Data Structures You Need NOW for Data Science and Machine Learning Algorithms

Published in

Geek Culture

9 min readJul 26, 2021

In the last couple years, I have noticed an incredible surge in the amount of students pursuing data science/machine learning skills, yet they only know packages in Python. That is not true machine learning. You must know theory. Even then, having machine learning skills is not enough. Knowing theory is not enough. You need good working knowledge of Data Structures. Maybe you’re wondering where do I start? What do I need the most? To be specific, I will be focused on the data structures I have used the most programming machine learning algorithms in Python.

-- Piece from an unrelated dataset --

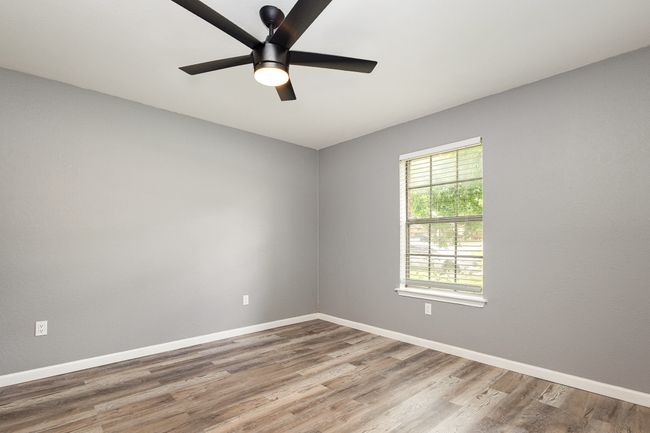 Unfurnished room with wood finished floors, a ceiling fan, and baseboards | Image 28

Well first, you need to know the basics. There are two different types of data structures: linear and non-linear.

Linear Data Structures

Definition: A type of data structure that arranges the data items in an orderly manner where the elements are attached adjacently.

Array

An array is the most basic and common data structure around town. You will use arrays constantly in machine learning, whether it’s:

Turning a column of a Pandas DataFrame into a list for preprocessing or analysis
Using an array of tuples to order the frequency of words present in a dataset
Using a list of tokenized words to begin clustering topics
Creating multi-dimensional matrices for word embeddings
and more…!

Each element can be uniquely identified by their index in the array. The lowest index is arr[0] and corresponds to the first element, and the highest index to the last element.

Python has a set of built-in methods that you can use on lists/arrays.

Now, a Python array is a little bit different to arrays in other programming languages. Python ‘lists’ offer more flexibility than arrays because they can contain different types of data and their length can vary. If you are programming in Python for your machine learning algorithms, I highly recommend starting off by becoming extremely comfortable with using arrays.

Stacks and Queues

Stacks are used to program your undo and redo buttons on the computer because they function like a stack of books. It makes no sense to add a book to the bottom (the first element) of the stack. It’s impossible. You can only check the most recent one that has been added. Addition and removal occurs at the top of the stack. Think of it as last in first out (LIFO).

Queues work differently. They are a first in first out (FIFO) structure. Think of it as people standing waiting in line. First come first serve. However, the Queue data structure in Python has three types: FIFO, LIFO (stack), and Priority Queue. In Priority Queue the elements are kept sorted and the lowest valued element is first out.

SimpleQueue() is unbounded, while Queue() can have an upper bound.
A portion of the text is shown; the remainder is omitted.